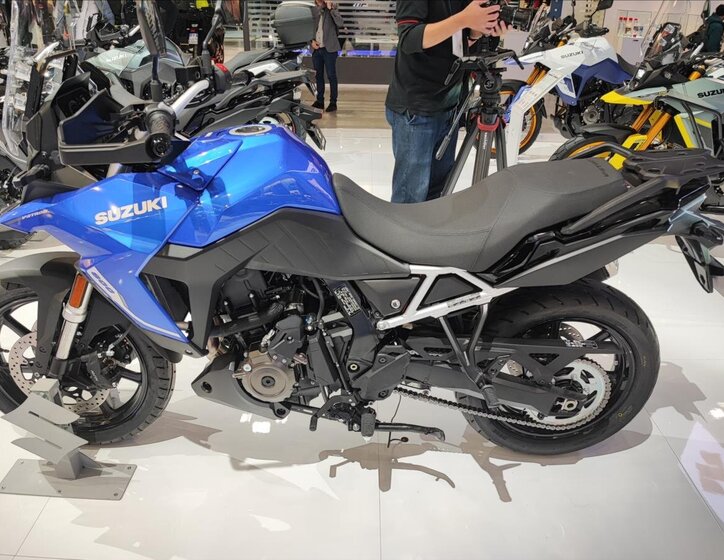 Suzuki Ostatní Ostatní 776,0 62 kw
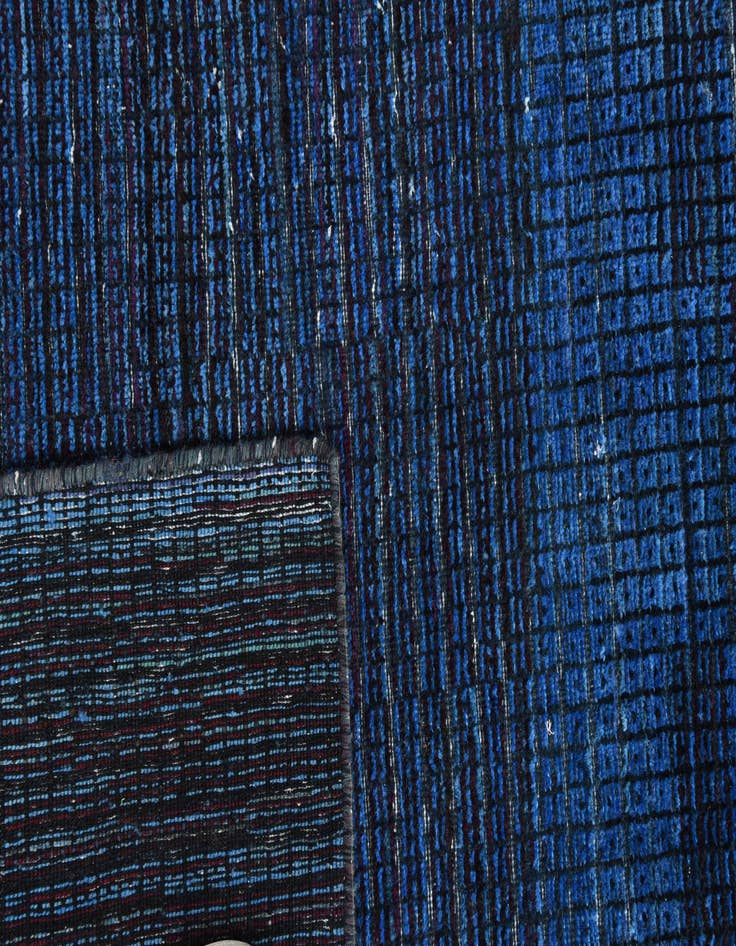 Detail image of  7' 9 x 10' 5  Hand Knotted Darya Wool Rug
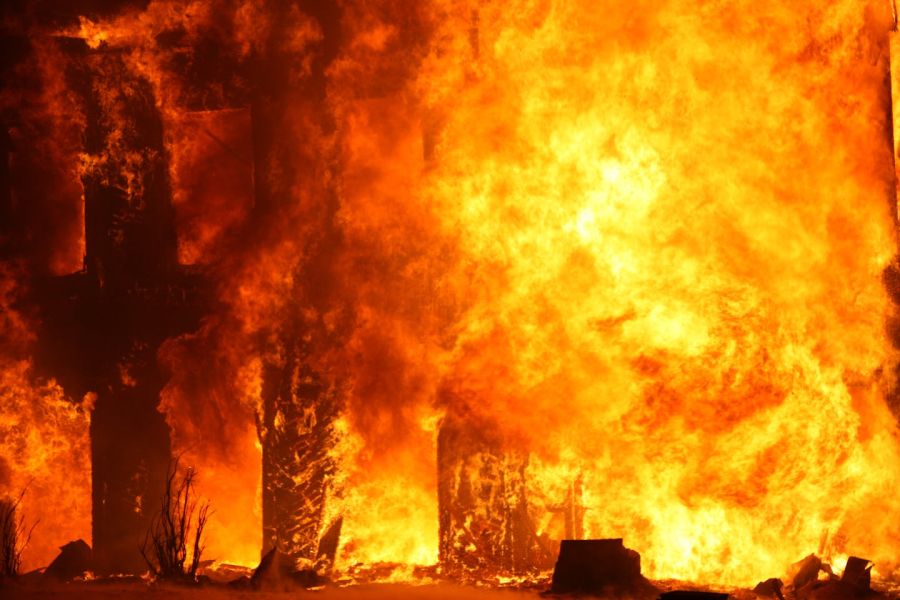 Photo de Vladimir Shipitsin: https://www.pexels.com/fr-fr/photo/building-batiment-immeuble-feu-11688875/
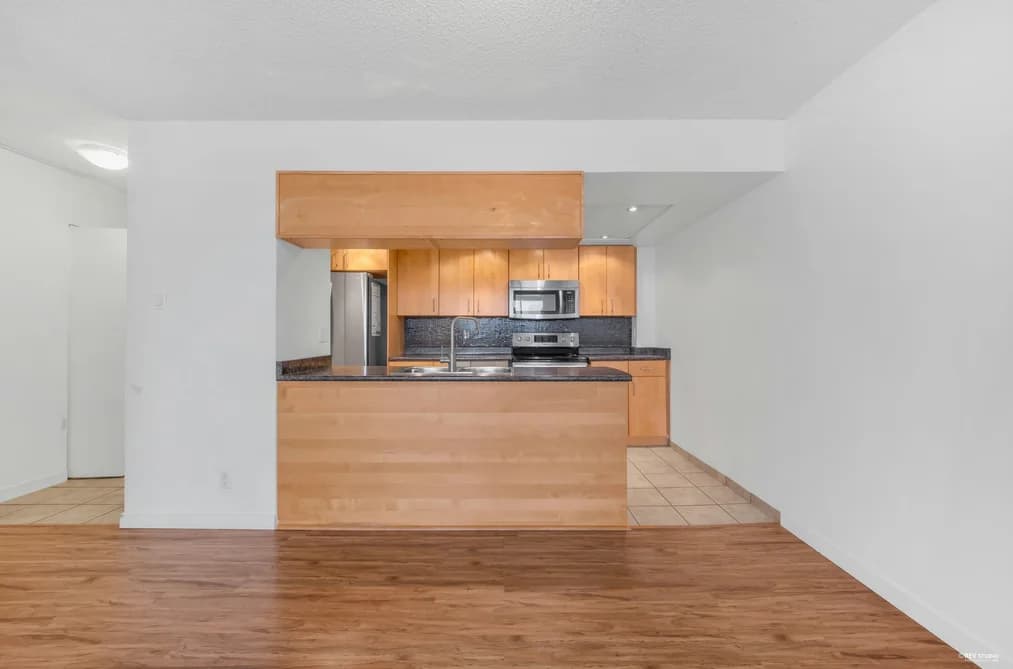 2402 9521 CARDSTON COURT, Burnaby, BC — Residential for Sale - Photo 2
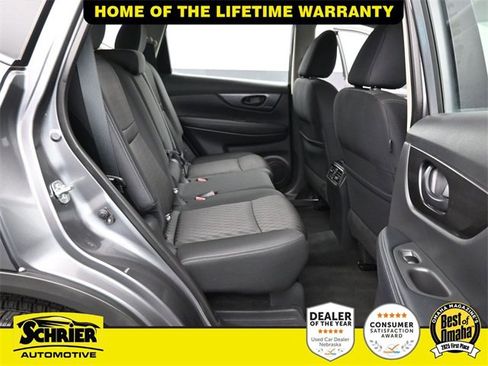 Used 2020 Nissan Rogue S image 34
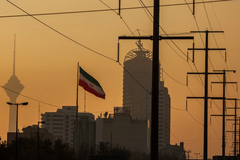 В Иране вводят отключения света и приостанавливают работу госучреждений и предприятий: что происходит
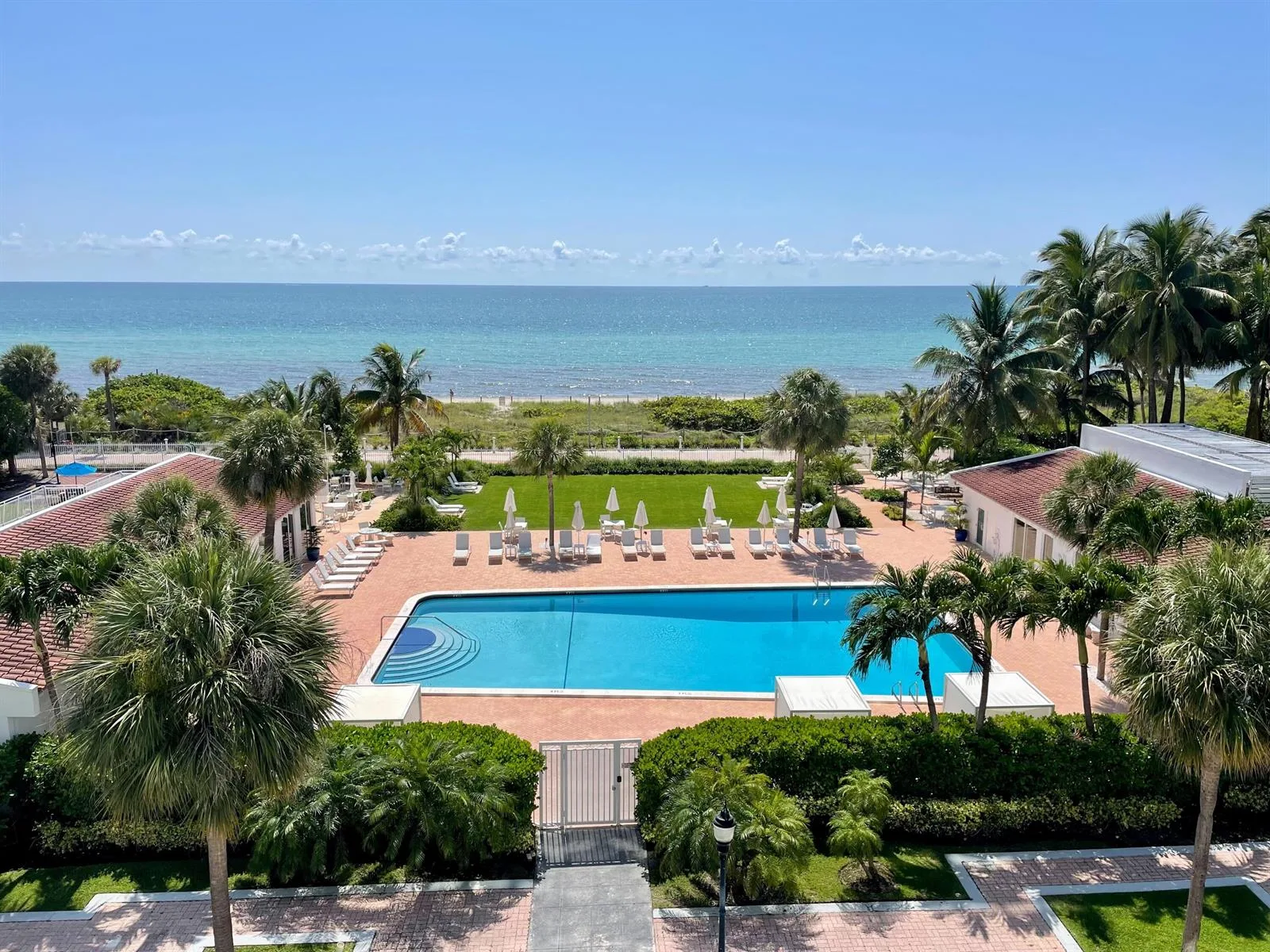 2457 Collins Avenue # 504, Miami Beach, FL 33140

===============

» EXERCISE INSTRUCTIONS
Write out the records above exactly. Begin with the first line, end with the line holding "Used 2020 Nissan Rogue S image 34", and drop the pictures.

» RESPONSE AREA
 Suzuki Ostatní Ostatní 776,0 62 kw
 Detail image of  7' 9 x 10' 5  Hand Knotted Darya Wool Rug
 Photo de Vladimir Shipitsin: https://www.pexels.com/fr-fr/photo/building-batiment-immeuble-feu-11688875/
 2402 9521 CARDSTON COURT, Burnaby, BC — Residential for Sale - Photo 2
 Used 2020 Nissan Rogue S image 34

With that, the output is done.